A non-Fregean framework aims to provide a formal tool for reasoning about semantic denotations of sentences and their interactions. Extending a logic to its non-Fregean version involves introducing a new connective \(\equiv \) that allows to separate denotations of sentences from their logical values. Intuitively, \(\equiv \) combines two sentences \(\varphi \) and \(\psi \) into a true one whenever \(\varphi \) and \(\psi \) have the same semantic correlates, describe the same situations, or have the same content or meaning. The paper aims to compare non-Fregean paraconsistent Grzegorczyk’s logics (Logic of Descriptions \(\textsf{LD}\), Logic of Descriptions with Suszko’s Axioms \(\textsf{LDS}\), Logic of Equimeaning \(\textsf{LDE}\)) with non-Fregean versions of certain well-known paraconsistent logics (Jaśkowski’s Discussive Logic \(\textsf{D}_2\), Logic of Paradox \(\textsf{LP}\), Logics of Formal Inconsistency \(\textsf{LFI}{1}\) and \(\textsf{LFI}{2}\)). We prove that Grzegorczyk’s logics are either weaker than or incomparable to non-Fregean extensions of \(\textsf{LP}\), \(\textsf{LFI}{1}\), \(\textsf{LFI}{2}\).
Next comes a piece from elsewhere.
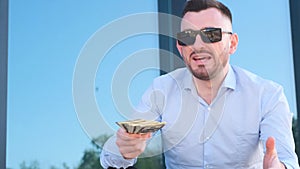 Portrait of a rich young successful man in sunglasses showing a pile of money.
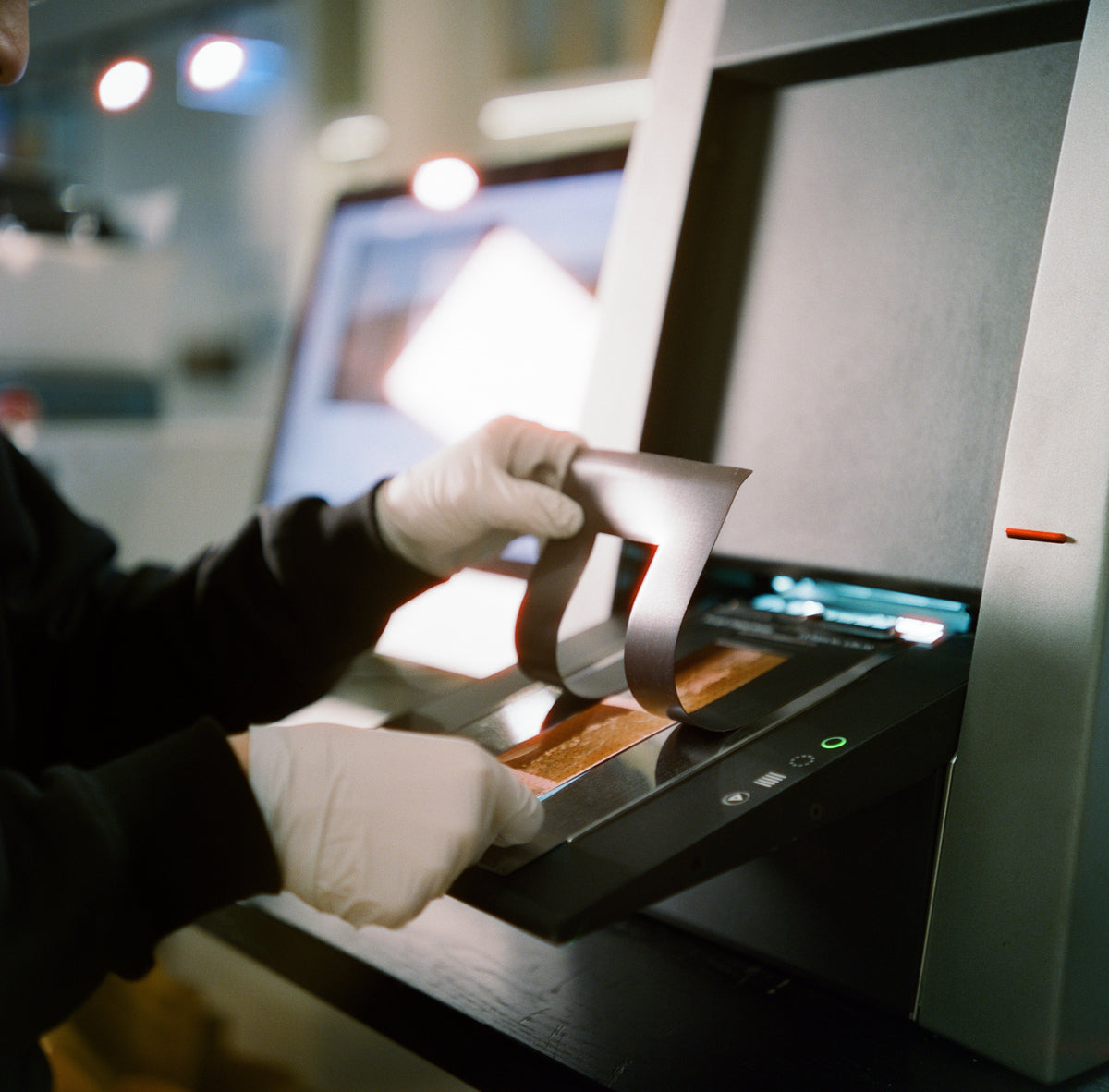 A gloved hand loading film into a scanner at IROHAS Photo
Furthermore, we show that non-Fregean extensions of \(\textsf{LP}\), \(\textsf{LFI}{1}\), \(\textsf{LFI}{2}\), and \(\textsf{D}_2\) are more expressive than their original counterparts. Our results highlight that the non-Fregean connective \(\equiv \) can serve as a tool for expressing various properties of the ontology underlying the logics under consideration.